INPUT
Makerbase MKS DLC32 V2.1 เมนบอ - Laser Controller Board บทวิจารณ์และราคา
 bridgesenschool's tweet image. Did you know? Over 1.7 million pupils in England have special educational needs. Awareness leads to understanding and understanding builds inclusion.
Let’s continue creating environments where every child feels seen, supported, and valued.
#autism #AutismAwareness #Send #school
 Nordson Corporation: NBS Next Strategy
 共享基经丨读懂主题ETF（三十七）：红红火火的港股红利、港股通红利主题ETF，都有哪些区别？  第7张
* * *
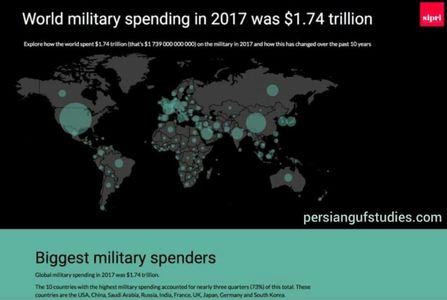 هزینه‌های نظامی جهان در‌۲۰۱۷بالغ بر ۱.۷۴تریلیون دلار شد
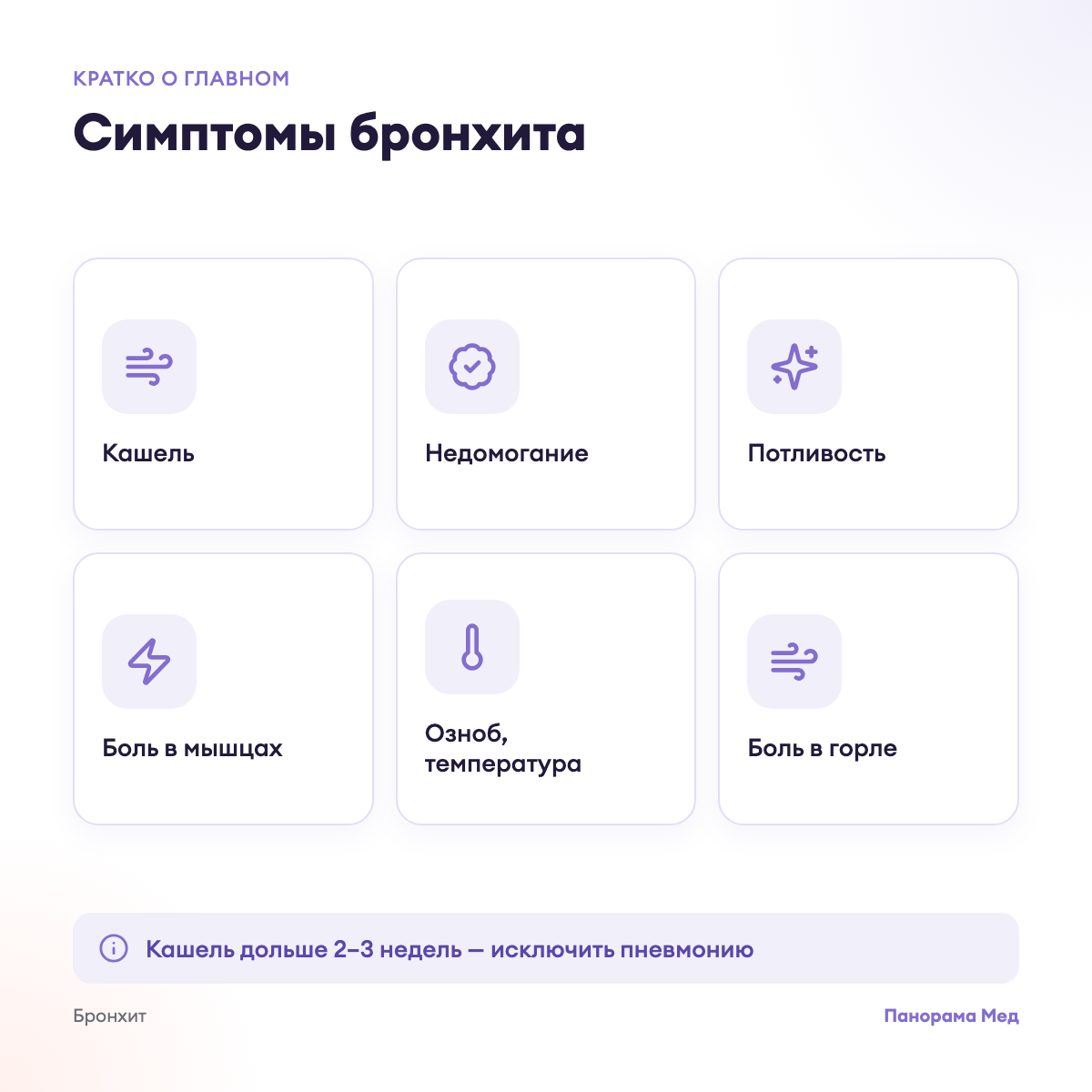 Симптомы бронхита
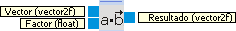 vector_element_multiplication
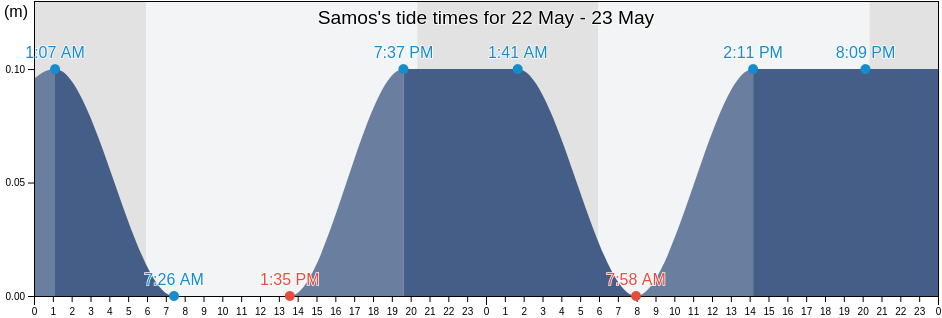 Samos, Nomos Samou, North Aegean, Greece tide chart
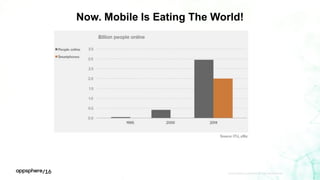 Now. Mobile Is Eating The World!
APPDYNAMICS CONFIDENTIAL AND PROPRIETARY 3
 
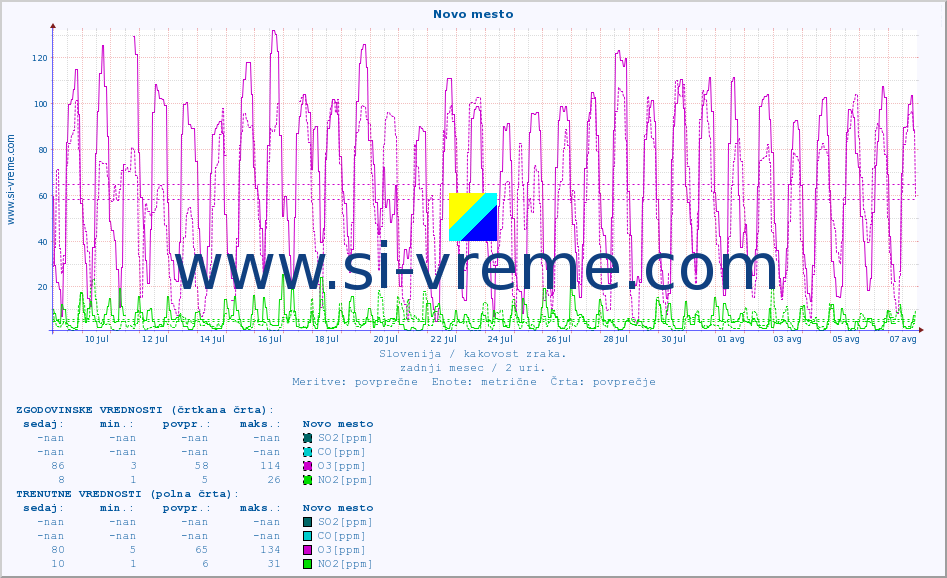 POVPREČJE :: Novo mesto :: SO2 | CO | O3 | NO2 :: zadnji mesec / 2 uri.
---
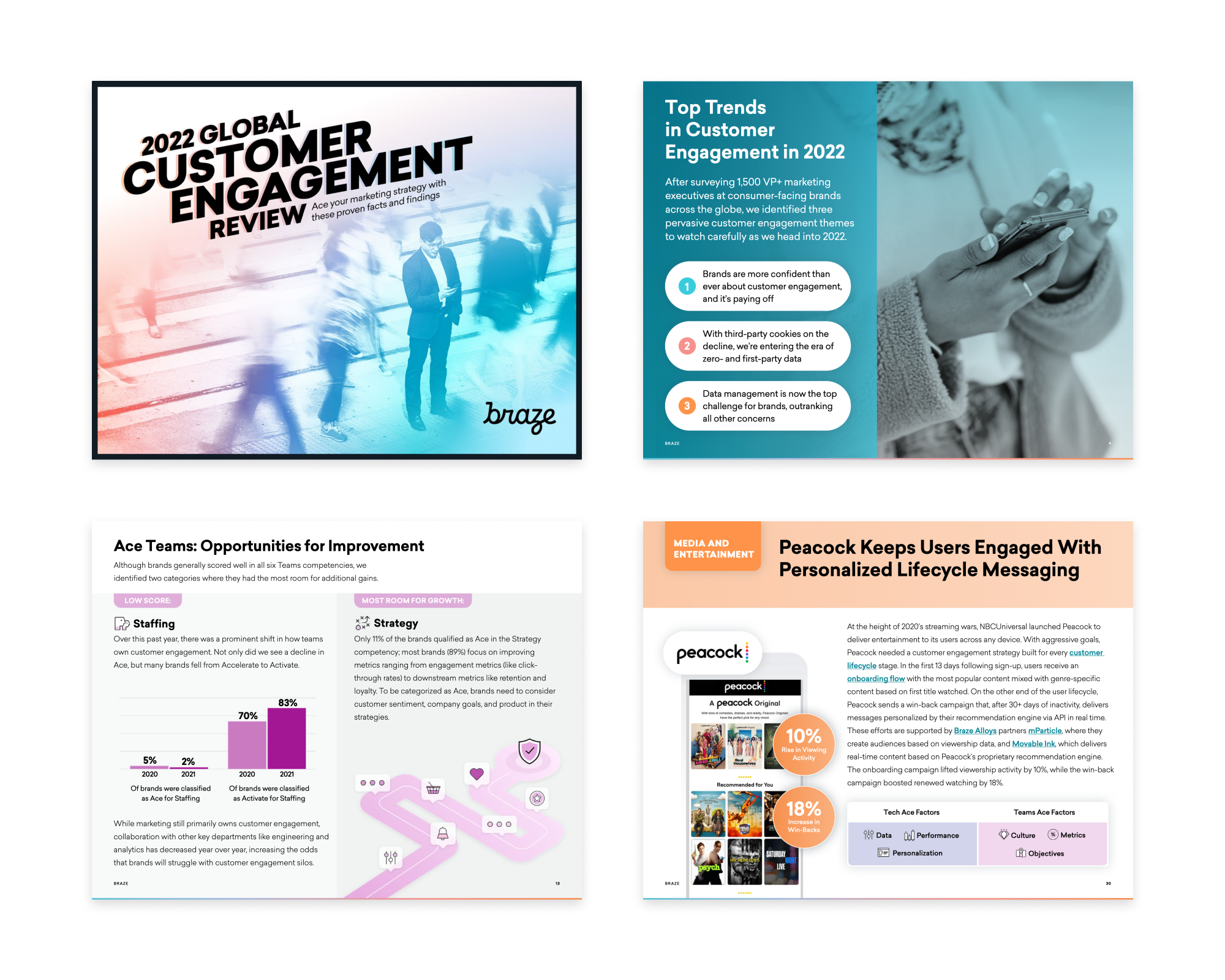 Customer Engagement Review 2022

DIRECTIONS FOR THIS TASK
Among the entries above, copy exactly the stretch from the line holding "APPDYNAMICS CONFIDENTIAL AND PROPRIETARY 3" through the line holding "POVPREČJE :: Novo", leaving out any pictures.

OUTPUT FOR THIS EXERCISE
APPDYNAMICS CONFIDENTIAL AND PROPRIETARY 3
 
 POVPREČJE :: Novo mesto :: SO2 | CO | O3 | NO2 :: zadnji mesec / 2 uri.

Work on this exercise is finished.